Scholte Gestalte is a theatrical re-enactment of this investigation, written for actors, chamber choir, small ensemble, electronic signal processors & film projectors. The stage, to be designed and built by Slave Pianos, will be a detailed reconstruction of the intersection in central Amsterdam where the attack took place, the cast & musicians working amid the wreckage of the exploded car, a BMW, which Scholte himself had exhibited as an artwork in the months following the attack.
The proposed work draws musical material from two disparate sources: (a) Scholte’s early work as a musician on the record Above Suspicion by the early eighties post-punk rock band Suspect; and (b) the late choral writing of Carlo Gesualdo, the sixteenth century Italian aristocrat, murderer and, in Stravinsky’s memorable phraseology, “great, if emotionally disequilibrated, composer”.
“I don’t see how you survived,” I told Scholte upon my return. “There was an angel watching over us,” he said, without irony.
Scholte considered a wide array of potential perpetrators; two fellow artists, an art dealer, an art collector, a real-estate speculator, Japanese organized criminals, the West German secret police, one of his assistants, one of his ex-girlfriend’s ex-boyfriends, a poet and an art critic. Despite careful and thorough examination all of these possibilities the crime remained unsolved.
He still seems not to understand the extent to which his success rankled his peers whose careers had failed, but was aware that Amsterdam is no safer now than anywhere else in Europe. “He put in a complete new security system,” says Colin Huizing, an assistant. “Rob is very alert.”

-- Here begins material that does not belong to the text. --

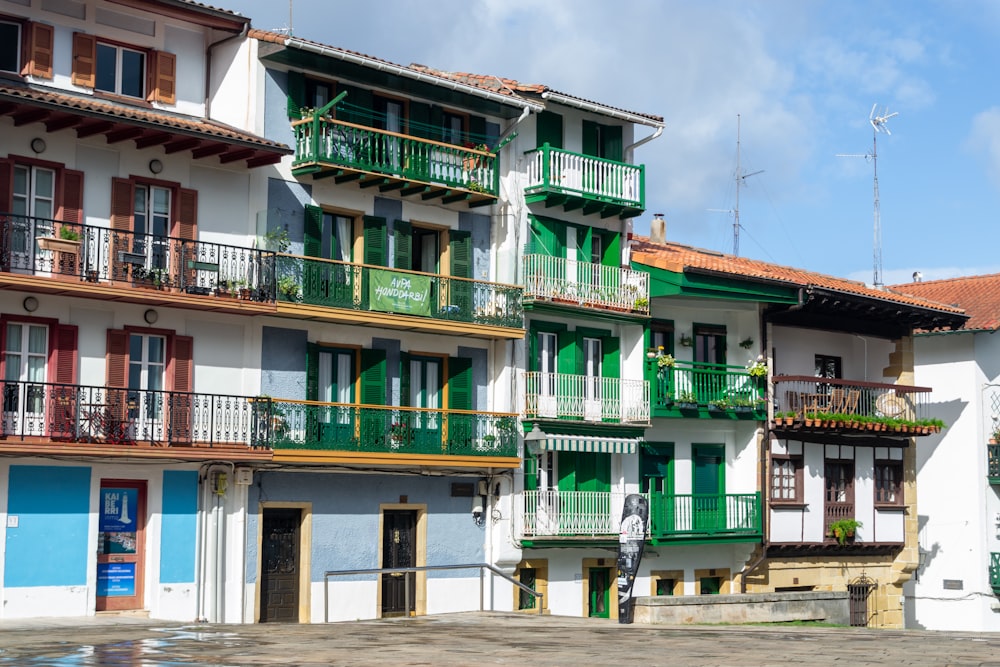 a row of multi - story buildings with balconies and balconies on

Scholte Getsalte will further consider the bombing and it’s perceived motivations, artistic, sexual, financial, professional, religious & political, in relation to the contemporaneous car bombing campaign in southern Italy that claimed it’s most famous victim, the magistrate Giovanni Falcone, in May 1992, and the protracted and equally inconclusive judicial investigations & prosecutions of Life-Senator and seven time Italian Prime-Minister Giulio Andreotti that began in the 1980s and ran until 2003.